Enter the starting URL for your task and click the “Save” button.

The "Go" action will be automatically added as the first step of the task to visit the starting URL:

To scrape the detailed information from other jobs on the job board, we will reuse this step to visit multiple different URLs.

We can do this by sending the "Go" step's configuration with a new URL in the request body every time we call the API. This will override the original URL.

override the "Go" step

Step 3. Add Steps - Save Structured Data

For this task, we will save the type, role, number of applicants, and the title and description of the job detail. Follow the same steps from Part 1 to select the data using the Roborabbit Helper Chrome extension.

the data that we want to scrape from the job details page

Check the selected data in the preview panel and click the “Save” button to save the step.

preview the data selected

Step 4. Run the Task

Click “Run Task” to test the data scraping task. You will see the task running when you scroll to the bottom of the page.

the task is running

Step 5. View the Log/Result

When the task has finished, you can click on the “Log” button to view the result.

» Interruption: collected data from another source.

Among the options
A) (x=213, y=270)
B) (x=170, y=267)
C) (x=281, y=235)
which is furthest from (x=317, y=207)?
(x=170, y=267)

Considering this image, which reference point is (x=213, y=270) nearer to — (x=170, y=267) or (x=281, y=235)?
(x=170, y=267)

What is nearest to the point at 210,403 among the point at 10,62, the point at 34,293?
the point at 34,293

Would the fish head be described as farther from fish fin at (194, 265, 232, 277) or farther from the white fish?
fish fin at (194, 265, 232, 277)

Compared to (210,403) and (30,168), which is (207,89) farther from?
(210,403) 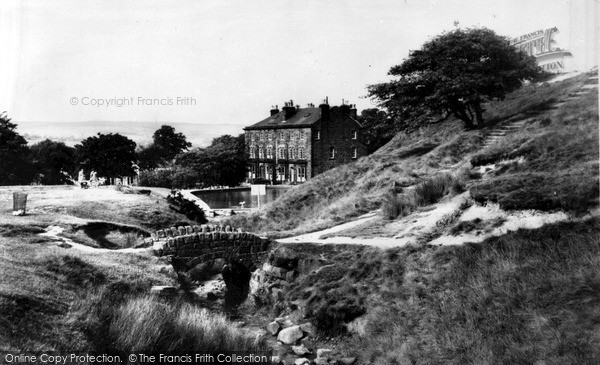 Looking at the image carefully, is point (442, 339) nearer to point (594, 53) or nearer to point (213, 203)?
point (594, 53)

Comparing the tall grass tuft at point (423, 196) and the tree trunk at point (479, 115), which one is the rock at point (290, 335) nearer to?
the tall grass tuft at point (423, 196)

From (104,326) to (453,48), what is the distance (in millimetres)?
20125

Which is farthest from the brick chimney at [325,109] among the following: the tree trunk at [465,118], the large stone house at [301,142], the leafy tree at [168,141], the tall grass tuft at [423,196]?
the tall grass tuft at [423,196]

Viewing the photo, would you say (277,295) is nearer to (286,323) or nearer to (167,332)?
(286,323)

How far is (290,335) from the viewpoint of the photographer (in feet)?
39.0

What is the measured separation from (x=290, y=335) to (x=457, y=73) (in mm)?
15782

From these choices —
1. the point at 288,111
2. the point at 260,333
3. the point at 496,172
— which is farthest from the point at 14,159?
the point at 288,111

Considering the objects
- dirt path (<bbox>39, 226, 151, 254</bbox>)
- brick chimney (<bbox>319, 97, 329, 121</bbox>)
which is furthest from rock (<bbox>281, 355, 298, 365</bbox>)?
brick chimney (<bbox>319, 97, 329, 121</bbox>)

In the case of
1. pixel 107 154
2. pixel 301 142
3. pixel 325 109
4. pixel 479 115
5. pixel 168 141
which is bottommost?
pixel 107 154

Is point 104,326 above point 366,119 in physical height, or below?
below

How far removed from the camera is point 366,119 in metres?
52.7

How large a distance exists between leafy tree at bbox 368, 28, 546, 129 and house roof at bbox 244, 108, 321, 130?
77.9ft

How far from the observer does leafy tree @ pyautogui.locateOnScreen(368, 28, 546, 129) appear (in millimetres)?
21766

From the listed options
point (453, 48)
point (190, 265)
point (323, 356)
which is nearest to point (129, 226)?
point (190, 265) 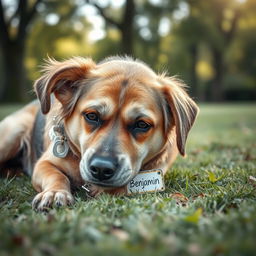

the task has finished running successfully

You should only have one object in the result array of the “Save Structured Data” step:

the data shown in the run's log

Now that the task can be run successfully, we can write code to run the first task and then visit the scraped links to scrape more information using this task.

Writing the Code to Run the Tasks

We will make some modifications to the code from Part 1 to integrate this new task into the data scraping process. This will be the flow:

1-Run Task 1 to scrape the link and other information

2-Receive the result via API polling

3-Run Task 2 to scrape more information about a particular job

4-Receive the result via API polling

5-Combine the results and export them to a file

Step 1. Import Libraries and Declare Constants

Import fs and declare the API Key, task IDs, and step IDs.

const fs = require('fs');

const API_KEY = "your_api_key";
const FIRST_TASK = {
  ID: "first_task_id",
  SAVE_STRUCTURED_DATA_STEP_ID: "first_task_save_stuctured_data_id"
  
};
const SECOND_TASK = {
  ID: "second_task_id",
  GO_STEP_ID: "second_task_go_id",
  SAVE_STRUCTURED_DATA_STEP_ID: "second_task_save_stuctured_data_id" 
};

Step 2. Run the First Task

In a self-invoking function, run the first task and receive the result by calling the triggerRun function with the IDs of the task and the “Save Structured Data” step.

(async() => {

  // Trigger the first run 
  const scrapedData = await triggerRun(FIRST_TASK.ID, FIRST_TASK.SAVE_STRUCTURED_DATA_STEP_ID);
  
})();

The triggerRun function can be used to run different tasks and receive the results of the “Save Structured Data” step. It will call runTask to run the task and getRun to check for the result at an interval of one second. When the task has finished running, it will stop calling the API and return the scraped data.

async function triggerRun(taskId, saveStructuredDataId, body){

  return new Promise(async resolve => {

    const run = await runTask(taskId, body);

    if(run.status === "running" && run.uid){
  
      console.log(`Task ${run.uid} is running... Poll API to get the result`);

      const polling = setInterval(async () => {
        
        const runResult = await getRun(taskId, run.uid);
  
        if(runResult.status === "running") {
          console.log("Still running.....")
        } else if (runResult.status === "finished") {
          const structuredData = runResult.outputs[`${saveStructuredDataId}_save_structured_data`];
          clearInterval(polling);
          resolve(structuredData);
        }
      }, 1000)
  
    }
    
  })
  
}

The runTask function will make a POST request to the Roborabbit API to execute the run.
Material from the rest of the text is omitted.